Google Explains Why Others Are Doing SRE Wrong
Source – infoq.com
Stephen Thorne, customer reliability engineer at Google, recently spoke at the DevOps Enterprise Summit London on what Site Reliability Engineering (SRE) is and how many organizations are failing to understand its basic premises and benefits . Confounding service level objectives (SLOs) which are focused on early failure detection with service level agreements(SLAs) which often serve as financial compensation for past incidents, not enforcing error budgetsand not dedicating at least 50% effort of SRE teams to improve the systems and tools (instead letting them continue to drown in toil, aka “firefighting” in production) are some keys misunderstandings that Thorne has seen in other organizations.
SLOs are fundamental in detecting issues early, ideally before the effects become visible to customers, added Thorne. A good SLO is aligned with outcomes for the customer (service availability or response time, for example) and thus reflects whether the system (behavior) is meeting user needs. Resource usage (like CPU utilization or network throughput) should be monitored, but not used as an SLO per se. Thorne put it simply as “if the customer is happy, then the SLO is being met”. Typical SLOs at Google include:
- uptime of 99.9% a month (i.e. 43 minutes of downtime a month)
- 99.99% of HTTP requests in a month succeed with a 200 OK
- 50% of HTTP requests returned in under 300ms
SLAs, on the other hand, typically come into play when customers are already dissatisfied with a service, thus failing to proactively improve the system’s reliability. Further, SLAs can lead to the wrong incentives, for example combining an SLA of 2 hours to fix an email issue with an SLA of 1 day to fix a serious production incident might lead to working on one (or more) email problems first although clearly the production issue should be the priority.

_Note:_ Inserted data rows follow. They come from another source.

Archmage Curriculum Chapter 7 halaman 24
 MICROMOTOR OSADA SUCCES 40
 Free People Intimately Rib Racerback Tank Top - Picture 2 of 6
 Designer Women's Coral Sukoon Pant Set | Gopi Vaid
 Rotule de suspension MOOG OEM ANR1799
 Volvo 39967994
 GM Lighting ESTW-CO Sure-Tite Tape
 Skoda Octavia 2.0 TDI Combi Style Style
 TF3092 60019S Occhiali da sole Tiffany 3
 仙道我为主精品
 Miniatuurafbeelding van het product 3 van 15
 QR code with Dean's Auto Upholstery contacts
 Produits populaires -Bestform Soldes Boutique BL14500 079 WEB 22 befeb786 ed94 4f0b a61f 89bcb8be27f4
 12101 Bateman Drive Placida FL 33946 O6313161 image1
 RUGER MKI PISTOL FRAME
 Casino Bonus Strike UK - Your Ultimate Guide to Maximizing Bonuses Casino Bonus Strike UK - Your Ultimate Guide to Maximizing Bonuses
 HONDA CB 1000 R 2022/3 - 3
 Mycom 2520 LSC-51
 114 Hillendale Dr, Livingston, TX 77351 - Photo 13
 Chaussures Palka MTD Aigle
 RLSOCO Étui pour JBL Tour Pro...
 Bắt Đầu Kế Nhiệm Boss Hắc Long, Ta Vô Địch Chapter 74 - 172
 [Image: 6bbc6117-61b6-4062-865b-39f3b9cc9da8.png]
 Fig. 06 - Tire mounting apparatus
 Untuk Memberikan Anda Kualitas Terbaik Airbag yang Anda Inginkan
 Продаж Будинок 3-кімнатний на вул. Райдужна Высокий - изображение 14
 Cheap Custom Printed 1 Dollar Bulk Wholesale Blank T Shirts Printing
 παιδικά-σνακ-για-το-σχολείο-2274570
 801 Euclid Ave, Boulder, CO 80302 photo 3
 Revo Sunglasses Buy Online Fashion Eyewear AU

Just defining SLOs is not enough, Thorne warned. Error budget policies enable meeting SLOs by setting clear rules for action (not monetary compensation) before a system gets close to an SLO’s threshold. This also minimizes confrontation between ops and dev when systems are failing to meet user needs. “The error budget is the gap between perfect reliability and our SLO” said Thorne. For Google, a typical error budget policy is to disallow launching new features once an application has exhausted its error budget (for example, already over the 43 minutes downtime budget for this month), or dedicating a sprint to corrective actions stemming from previous post-mortem analysis.
Thorne stressed, however, that what works for Google won’t work for every organization: “SRE needs SLOs with consequences that balance an acceptable level of failure with the necessary cost and speed of delivery”. Exact SLOs and policies must be adequate for the organization – not a copy/paste from Google – and focus on continuously improving customers’ experience, not on setting lofty goals or hard punishments that could be counterproductive. Thorne gave the example of one organization struggling to reduce the processing time of a recommendations system. Turned out that users would only see those recommendations when they came back to the site, on average 6 hours later. An adequate SLO was to process all recommendations within 6h, which meant they could save the cost of 3 halftime engineers previously working on the perceived “issue” of slow response time.
Empowering SRE teams to balance workload between every day (often unplanned) ops work and planned work to reduce toil (aka “firefighting”) is the third key to SRE, said Thorne. At Google, this means at least 50% of SRE effort is spent on project work: early consulting on new systems’ architecture to identify resiliency anti-patterns (and avoid more toil later on), improving monitoring, automating repetitive tasks, or coordinating the implementation of postmortem corrective actions.
Thorne further referenced some clear anti-patterns to implementing SRE such as simply rebranding the ops team to SRE team or hiring for SRE engineers without first putting in place the SRE principles and mechanisms (SLOs, error budget policies and balancing workload) for success.
These are 5 key steps to get on the right path to SRE, according to Thorne:
- define contextual, customer-focused SLOs
- define sensible error budget policies
- hire (internally or externally) SREs and empower them via leadership support
- allow SREs to finetune SLOs and enforce error budget policies
- assign responsibility for mission-critical systems’ reliability to SRE teams, other systems under the responsibility of the corresponding development team
Google developed and expanded the site reliability engineering discipline internally for some years, before condensing their lessons learned into the SRE book. Thorne mentioned an accompanying SRE workbook will be coming out later this month.